One of the highlights to my trip to San Fransisco this summer was a lunch with Pat Kitano. A long time online friend, it was great to meet him in person. Pat took us to a Vietnamese kitchen that, until recently, almost any tourist would miss. It made me think about the best part of Web2.0. Just a few years ago, if a restaurant wasn’t in Frommers, it’s unlikely anyone from out of town would know to try it. Now, there’s a legion of “Pats” eager to share their own recommendations. TransparentRE‘s focus is on bringing Web2.0 to the real estate industry. I only have a dozen RE blogs in my RSS reader, Pat’s blog is one of them.
Hi Pat, What is Transparency?
I had a long stint on Wall Street during the 90’s… did you know bond traders, the multimillionaire kind, have vanished? Just disintermediated by market making quote technologies. My favorite transparency quote comes from an ex-bond trader:
“You have a market that was completely dark for 200 years and instead of letting a little bit of transparency in there, they just opened the windows completely and all the shades and everything, and it was complete sunshine,” said Jeff Stambovski, a senior high-yield bond salesman.
Your blog highlights many of the ways technology can benefit real estate consumers. Can you think of any ways it has hurt them?
To be topical, subprime loans, their packaging as securitized debt obligations and their sale to hedge funds and other institutional investors were all enabled by portfolio management analysis software. The hedge funds all program trade in similar ways because the “quants” who built these programs think similarly… when crisis happens, the consequences are magnified.
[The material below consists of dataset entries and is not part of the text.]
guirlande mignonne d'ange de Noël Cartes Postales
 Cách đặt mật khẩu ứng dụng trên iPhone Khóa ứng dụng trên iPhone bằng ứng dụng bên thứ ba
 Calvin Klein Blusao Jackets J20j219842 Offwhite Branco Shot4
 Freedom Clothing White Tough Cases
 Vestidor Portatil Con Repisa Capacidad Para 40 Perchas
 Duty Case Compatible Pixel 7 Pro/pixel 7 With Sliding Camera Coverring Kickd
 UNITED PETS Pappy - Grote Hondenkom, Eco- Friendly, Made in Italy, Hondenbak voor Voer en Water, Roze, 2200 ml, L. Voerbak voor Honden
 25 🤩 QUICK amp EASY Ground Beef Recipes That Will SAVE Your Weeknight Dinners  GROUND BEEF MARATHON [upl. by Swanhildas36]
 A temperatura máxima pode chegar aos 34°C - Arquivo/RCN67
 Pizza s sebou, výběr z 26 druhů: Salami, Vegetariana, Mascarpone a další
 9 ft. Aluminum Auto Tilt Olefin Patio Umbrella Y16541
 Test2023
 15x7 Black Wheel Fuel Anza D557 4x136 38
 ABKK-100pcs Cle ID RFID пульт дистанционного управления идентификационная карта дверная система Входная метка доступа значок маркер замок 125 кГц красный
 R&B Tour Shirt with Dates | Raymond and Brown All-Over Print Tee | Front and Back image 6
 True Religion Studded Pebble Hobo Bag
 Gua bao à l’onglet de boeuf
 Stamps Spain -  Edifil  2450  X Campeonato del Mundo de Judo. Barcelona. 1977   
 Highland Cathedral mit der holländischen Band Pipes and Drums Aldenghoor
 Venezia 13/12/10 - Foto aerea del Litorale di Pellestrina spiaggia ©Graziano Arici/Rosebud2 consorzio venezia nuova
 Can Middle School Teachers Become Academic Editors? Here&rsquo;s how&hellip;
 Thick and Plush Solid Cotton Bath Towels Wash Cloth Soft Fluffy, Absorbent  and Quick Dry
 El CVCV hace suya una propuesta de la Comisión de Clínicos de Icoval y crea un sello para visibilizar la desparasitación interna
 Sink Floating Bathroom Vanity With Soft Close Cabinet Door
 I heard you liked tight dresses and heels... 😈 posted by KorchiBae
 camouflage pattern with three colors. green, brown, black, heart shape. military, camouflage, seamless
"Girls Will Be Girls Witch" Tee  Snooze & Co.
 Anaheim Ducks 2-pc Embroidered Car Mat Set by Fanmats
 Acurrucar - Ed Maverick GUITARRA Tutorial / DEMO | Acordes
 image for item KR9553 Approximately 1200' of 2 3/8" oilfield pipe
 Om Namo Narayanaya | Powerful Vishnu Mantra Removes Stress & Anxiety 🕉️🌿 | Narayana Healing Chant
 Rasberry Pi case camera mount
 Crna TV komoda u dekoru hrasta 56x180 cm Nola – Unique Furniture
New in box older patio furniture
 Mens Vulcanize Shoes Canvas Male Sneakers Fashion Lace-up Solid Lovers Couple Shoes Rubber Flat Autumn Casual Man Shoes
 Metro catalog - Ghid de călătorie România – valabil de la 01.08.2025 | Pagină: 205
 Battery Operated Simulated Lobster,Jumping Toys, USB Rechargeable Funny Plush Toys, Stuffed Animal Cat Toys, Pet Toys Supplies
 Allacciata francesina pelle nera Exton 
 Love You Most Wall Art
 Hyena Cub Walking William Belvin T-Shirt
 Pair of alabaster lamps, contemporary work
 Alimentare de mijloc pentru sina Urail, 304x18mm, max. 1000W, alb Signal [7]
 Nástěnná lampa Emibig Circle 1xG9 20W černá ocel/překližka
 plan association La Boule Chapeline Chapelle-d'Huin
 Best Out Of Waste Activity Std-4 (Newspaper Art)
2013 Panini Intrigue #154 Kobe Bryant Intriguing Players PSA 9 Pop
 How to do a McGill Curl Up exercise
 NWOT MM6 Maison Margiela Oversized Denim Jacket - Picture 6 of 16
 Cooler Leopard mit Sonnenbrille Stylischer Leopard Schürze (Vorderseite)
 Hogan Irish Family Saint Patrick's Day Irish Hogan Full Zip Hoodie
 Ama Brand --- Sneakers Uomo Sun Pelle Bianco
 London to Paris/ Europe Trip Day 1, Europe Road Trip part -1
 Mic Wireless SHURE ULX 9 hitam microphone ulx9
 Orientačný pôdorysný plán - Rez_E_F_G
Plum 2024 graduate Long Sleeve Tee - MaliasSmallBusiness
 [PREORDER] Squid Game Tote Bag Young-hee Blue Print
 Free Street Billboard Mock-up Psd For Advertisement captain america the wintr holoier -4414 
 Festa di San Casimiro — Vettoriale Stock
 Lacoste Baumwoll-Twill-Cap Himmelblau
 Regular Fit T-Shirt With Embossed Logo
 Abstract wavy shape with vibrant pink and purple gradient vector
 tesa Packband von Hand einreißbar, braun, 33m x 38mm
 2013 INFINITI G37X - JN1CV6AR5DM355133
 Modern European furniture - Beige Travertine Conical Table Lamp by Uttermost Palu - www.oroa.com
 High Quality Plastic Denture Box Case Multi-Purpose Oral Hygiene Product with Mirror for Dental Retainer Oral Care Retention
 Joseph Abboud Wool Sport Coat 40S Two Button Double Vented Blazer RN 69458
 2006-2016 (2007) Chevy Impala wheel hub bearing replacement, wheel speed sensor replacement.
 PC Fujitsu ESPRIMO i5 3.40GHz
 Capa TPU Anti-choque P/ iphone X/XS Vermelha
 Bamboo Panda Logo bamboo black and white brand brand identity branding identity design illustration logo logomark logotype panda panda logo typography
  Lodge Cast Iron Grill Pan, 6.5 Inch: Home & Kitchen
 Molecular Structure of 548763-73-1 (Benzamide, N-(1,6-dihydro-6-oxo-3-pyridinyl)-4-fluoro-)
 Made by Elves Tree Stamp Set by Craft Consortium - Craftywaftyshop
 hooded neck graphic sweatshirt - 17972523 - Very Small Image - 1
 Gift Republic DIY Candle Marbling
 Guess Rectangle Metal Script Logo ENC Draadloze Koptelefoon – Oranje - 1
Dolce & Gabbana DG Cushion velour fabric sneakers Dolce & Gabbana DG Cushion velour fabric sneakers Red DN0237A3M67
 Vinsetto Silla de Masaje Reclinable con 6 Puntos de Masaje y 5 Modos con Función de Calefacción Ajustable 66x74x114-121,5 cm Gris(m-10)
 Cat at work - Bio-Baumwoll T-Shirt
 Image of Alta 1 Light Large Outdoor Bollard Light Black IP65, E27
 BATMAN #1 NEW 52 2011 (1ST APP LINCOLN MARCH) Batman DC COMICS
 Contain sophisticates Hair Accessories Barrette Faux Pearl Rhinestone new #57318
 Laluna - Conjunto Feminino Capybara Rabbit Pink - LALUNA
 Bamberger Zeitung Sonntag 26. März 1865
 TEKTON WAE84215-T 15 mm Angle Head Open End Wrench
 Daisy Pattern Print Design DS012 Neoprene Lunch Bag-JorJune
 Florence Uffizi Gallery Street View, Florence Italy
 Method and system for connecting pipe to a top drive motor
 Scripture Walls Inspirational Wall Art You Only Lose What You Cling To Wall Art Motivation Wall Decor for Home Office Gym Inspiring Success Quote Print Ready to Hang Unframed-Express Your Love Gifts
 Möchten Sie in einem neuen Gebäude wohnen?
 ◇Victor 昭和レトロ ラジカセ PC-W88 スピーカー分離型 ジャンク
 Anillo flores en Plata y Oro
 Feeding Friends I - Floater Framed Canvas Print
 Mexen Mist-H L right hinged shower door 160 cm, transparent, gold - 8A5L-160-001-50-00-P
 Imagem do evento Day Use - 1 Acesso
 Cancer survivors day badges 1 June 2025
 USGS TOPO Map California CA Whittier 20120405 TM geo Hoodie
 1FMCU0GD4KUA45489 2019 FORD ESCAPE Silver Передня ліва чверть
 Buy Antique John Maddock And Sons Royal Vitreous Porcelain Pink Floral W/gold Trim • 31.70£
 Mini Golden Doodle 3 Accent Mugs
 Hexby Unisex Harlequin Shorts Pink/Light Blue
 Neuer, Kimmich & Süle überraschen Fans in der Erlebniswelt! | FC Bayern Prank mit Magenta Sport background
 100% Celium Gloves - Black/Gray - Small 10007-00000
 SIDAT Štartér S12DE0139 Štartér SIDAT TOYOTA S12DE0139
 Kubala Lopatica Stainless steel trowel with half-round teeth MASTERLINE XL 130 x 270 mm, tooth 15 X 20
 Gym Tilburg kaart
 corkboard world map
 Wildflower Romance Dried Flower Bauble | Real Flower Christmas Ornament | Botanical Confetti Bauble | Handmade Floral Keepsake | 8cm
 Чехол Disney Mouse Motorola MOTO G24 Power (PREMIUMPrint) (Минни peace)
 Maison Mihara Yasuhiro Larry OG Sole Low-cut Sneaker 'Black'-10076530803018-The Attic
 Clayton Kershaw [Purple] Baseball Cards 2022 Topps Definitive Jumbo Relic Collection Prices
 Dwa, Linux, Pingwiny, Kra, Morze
This whole global credit crunch was certainly tech-enabled.
To me, the technology you’re referring to vis-a-vis the consumer is the internet… a transparency media that educates the consumer and doesn’t hurt them beyond carpal tunnel syndrome.
You live in my second favorite city, San Fransisco. I know the first mortgages originated online happened in the Bay Area and I wouldn’t be surprised if the first homes marketed on the net were there as well. Are there any local phenomena concerning real estate, or anything else, that those of us in fly-over country might look forward to?
We’ve been working on developing the next generation of broker website with several leading brokerages here. I’ve been discussing facets of this on Transparent – Broker Website of the Future. We’re preparing to launch several of these blog-enabled websites this fall and hoping to position the Bay Area as ground zero for a new real estate marketing paradigm.
Now Todd, is Denver really your favorite city? or what? San Francisco is also my second fave, NYC is #1 to me… and LA comes in at #2.1. I like cities that source trends, change fast, and are warm… (ok, NYC makes up for it with balmy summers that I miss in foggy SF) — Pat, foggy summers are my favorite part of SF, but I like snow as well.- TC
You’ve been working with Trulia to establish their new Trulia Voices service. How do you feel RE agents can benefit by contributing?
Trulia Voices and their Web 2.0 brethren facilitate the interaction between the agent and the consumer. It seems quite obvious to me that social networking sites like Linkedin and Facebook, along with dialogue facilitators like Voices, will be the way to build and extend the networks RE agents need for business development. I’ve only been blogging for a year now, and I venture I added more significant people to my network in the last year than during the 8 or so years I was an investment banker! I wish these tools were around when I was a banker… I know exactly how I would have used them to get myself planted into deals.
What are some of your favorite blogs.
My online reading is 30% technology, 30% markets and economy, 20% business news, 10% real estate, and 10% new media/music/sports. Why 10% real estate? I like reading about high level topic, strategies and where everything is headed… once I understand a concept, I’m not too interested in dissecting the intricacies of, say, divorced commission structures.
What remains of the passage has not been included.